Assignment:
Produce the records below again, word for word, but stop after the line that contains "Molly Partington ❤️ tweet media".

Entries shown:
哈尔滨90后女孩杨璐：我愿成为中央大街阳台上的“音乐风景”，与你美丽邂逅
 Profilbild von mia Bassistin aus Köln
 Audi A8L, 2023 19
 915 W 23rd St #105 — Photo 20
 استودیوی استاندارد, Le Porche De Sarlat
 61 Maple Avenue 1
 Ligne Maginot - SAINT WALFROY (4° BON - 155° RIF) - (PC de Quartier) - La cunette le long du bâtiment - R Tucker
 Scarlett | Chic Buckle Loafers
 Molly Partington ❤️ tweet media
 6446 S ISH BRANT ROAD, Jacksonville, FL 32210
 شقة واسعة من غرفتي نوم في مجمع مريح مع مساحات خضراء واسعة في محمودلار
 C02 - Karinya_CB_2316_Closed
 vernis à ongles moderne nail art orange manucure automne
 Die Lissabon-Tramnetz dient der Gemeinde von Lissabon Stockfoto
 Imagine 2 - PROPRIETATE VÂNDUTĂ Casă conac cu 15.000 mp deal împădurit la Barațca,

Written answer:
哈尔滨90后女孩杨璐：我愿成为中央大街阳台上的“音乐风景”，与你美丽邂逅
 Profilbild von mia Bassistin aus Köln
 Audi A8L, 2023 19
 915 W 23rd St #105 — Photo 20
 استودیوی استاندارد, Le Porche De Sarlat
 61 Maple Avenue 1
 Ligne Maginot - SAINT WALFROY (4° BON - 155° RIF) - (PC de Quartier) - La cunette le long du bâtiment - R Tucker
 Scarlett | Chic Buckle Loafers
 Molly Partington ❤️ tweet media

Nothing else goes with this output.